Game On by Calvin Slater; Kensington
Xavier Hunter hoped his senior year would be bad news-free. His old enemy is finally in lockdown and Xavier is out from under one mad-crazy relationship disaster. And he’s cool with his dream girl, Samantha Fox, dating other guys because fair is fair–he hasn’t been a saint. But he’s not hearing anything good about her new man, Sean. And showing Samantha the truth could be the one game Xavier can’t win. . . With graduation and college coming up fast, Samantha has been thinking hard about her future. Maybe she and Xavier have too much baggage to get back together. And Sean is a chance to see things fresh and figure out what she really wants. So she doesn’t need Xavier telling jealous lies–especially when the drama he’s lighting up could crash and burn their futures for good. . . (ages 12 and up)
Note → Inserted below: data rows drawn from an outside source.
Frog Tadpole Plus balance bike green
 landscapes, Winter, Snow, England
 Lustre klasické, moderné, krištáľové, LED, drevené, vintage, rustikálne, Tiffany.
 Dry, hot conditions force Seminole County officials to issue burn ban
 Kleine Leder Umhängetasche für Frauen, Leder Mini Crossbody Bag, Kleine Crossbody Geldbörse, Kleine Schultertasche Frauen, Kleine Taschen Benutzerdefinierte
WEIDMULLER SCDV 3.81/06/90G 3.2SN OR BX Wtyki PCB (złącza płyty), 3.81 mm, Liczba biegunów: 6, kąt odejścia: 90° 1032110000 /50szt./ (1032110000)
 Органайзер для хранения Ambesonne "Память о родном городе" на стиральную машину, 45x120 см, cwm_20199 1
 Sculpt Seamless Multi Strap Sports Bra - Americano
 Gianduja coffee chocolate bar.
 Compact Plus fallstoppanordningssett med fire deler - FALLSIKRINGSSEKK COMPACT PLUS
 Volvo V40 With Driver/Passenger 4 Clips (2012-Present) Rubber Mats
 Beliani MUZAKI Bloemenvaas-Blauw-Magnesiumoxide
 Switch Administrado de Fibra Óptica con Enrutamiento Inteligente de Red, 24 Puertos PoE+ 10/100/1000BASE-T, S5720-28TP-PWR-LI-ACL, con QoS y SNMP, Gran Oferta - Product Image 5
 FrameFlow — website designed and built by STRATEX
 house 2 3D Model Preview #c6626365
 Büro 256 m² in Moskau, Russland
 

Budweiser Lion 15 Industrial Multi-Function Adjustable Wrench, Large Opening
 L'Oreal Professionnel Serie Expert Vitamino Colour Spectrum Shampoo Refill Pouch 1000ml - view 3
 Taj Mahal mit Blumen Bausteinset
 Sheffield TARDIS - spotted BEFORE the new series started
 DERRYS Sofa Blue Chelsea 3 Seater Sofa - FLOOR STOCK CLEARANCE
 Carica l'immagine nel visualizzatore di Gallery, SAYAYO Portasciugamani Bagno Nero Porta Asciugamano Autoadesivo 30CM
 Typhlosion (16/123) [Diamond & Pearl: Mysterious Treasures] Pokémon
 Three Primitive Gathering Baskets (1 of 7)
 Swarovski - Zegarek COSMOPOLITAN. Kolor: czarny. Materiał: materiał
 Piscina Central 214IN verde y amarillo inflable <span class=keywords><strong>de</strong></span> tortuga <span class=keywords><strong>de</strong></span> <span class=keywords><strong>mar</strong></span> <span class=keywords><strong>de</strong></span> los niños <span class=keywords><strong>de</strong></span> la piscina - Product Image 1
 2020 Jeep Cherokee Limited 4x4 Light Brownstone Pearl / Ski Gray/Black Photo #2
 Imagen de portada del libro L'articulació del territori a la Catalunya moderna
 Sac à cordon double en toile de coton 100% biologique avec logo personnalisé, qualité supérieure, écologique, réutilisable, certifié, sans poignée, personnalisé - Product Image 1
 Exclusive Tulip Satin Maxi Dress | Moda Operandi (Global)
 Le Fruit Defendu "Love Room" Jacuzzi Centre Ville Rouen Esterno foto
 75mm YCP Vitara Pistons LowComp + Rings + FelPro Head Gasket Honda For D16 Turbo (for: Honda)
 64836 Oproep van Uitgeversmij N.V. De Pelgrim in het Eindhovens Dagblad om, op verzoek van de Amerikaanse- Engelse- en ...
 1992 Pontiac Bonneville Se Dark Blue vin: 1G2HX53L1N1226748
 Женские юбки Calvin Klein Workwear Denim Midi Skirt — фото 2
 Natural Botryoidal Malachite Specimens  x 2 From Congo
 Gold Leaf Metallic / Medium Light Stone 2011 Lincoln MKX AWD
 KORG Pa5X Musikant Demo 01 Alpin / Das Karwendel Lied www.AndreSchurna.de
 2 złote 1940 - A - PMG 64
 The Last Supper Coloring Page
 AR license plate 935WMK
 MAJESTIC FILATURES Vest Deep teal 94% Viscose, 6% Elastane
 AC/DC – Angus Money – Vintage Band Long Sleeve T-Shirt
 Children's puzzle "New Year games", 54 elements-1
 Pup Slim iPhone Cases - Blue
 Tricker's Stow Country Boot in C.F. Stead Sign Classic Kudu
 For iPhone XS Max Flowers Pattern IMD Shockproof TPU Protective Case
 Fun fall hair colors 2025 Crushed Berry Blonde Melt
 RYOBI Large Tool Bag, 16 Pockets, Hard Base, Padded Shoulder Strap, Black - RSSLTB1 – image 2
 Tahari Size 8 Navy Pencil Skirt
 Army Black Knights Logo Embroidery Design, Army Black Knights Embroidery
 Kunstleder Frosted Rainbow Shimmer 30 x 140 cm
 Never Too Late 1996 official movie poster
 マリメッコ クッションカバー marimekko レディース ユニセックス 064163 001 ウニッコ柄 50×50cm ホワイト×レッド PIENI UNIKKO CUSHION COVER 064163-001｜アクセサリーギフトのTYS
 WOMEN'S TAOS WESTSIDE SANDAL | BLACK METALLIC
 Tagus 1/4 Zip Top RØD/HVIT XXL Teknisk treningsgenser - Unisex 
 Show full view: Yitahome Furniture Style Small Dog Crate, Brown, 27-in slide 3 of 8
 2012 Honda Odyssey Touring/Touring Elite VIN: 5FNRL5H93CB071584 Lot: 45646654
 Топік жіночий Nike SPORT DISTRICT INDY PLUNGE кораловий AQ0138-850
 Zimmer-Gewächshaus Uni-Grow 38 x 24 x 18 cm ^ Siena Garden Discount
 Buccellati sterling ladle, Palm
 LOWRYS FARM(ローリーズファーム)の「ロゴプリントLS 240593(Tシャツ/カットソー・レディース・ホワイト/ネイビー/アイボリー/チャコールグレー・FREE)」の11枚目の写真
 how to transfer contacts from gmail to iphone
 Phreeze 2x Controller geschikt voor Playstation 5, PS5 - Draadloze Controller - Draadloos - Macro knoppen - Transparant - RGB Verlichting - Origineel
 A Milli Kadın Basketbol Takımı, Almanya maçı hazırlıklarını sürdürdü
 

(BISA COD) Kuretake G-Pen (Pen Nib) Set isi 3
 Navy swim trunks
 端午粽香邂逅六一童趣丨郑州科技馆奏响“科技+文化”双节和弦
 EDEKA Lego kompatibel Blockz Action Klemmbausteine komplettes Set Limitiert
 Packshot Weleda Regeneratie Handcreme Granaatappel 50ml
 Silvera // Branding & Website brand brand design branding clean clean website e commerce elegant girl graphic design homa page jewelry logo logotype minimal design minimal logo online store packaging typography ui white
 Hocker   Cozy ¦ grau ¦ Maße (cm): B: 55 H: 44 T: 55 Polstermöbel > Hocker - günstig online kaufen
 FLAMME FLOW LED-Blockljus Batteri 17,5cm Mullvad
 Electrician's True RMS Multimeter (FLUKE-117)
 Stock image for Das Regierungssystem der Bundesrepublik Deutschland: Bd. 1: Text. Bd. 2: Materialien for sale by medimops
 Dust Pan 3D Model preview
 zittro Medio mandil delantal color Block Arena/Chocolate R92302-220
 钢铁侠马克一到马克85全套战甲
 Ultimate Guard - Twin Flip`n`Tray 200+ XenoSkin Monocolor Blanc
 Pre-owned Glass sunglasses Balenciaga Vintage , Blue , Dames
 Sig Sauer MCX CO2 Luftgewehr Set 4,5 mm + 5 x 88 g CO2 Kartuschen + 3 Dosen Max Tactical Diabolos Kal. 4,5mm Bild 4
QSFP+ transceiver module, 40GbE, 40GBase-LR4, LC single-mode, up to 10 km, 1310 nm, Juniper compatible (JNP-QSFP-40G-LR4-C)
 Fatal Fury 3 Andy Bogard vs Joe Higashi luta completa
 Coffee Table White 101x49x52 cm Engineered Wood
Show and Prove by Sofia Quintero; Knopf
The summer of 1983 was the summer hip-hop proved its staying power. The South Bronx is steeped in Reaganomics, war in the Middle East, and the twin epidemics of crack and AIDS, but Raymond “Smiles” King and Guillermo “Nike” Vega have more immediate concerns. Smiles was supposed to be the assistant crew chief at his summer camp, but the director chose Cookie Camacho instead, kicking off a summer-long rivalry. Meanwhile, the aspiring b-boy Nike has set his wandering eye on Sara, the sweet yet sassy new camp counselor, as well as top prize at a breakdancing competition downtown. The two friends have been drifting apart ever since Smiles got a scholarship to a fancy private school, and this summer the air is heavy with postponed decisions that will finally be made.
Raw and poignant, this is a story of music, urban plight, and racial tension that’s as relevant today as it was in 1983. (ages 12 and up)

Shadows of Sherwood (Robyn Hoodlum series) by Kekla Magoon. Bloomsbury USA.
The night her parents disappear, twelve-year-old Robyn Loxley must learn to fend for herself. Her home, Nott City, has been taken over by a harsh governor, Ignomus Crown. After fleeing for her life, Robyn has no choice but to join a band of strangers-misfit kids, each with their own special talent for mischief. Setting out to right the wrongs of Crown’s merciless government, they take their outlaw status in stride. But Robyn can’t rest until she finds her parents. As she pieces together clues from the night they disappeared, Robyn learns that her destiny is tied to the future of Nott City in ways she never expected.
Kicking off a new series with an unforgettable heroine, readers will be treated to feats of courage and daring deeds as Robyn and her band find their way in this cruel, new world. (ages 8-12)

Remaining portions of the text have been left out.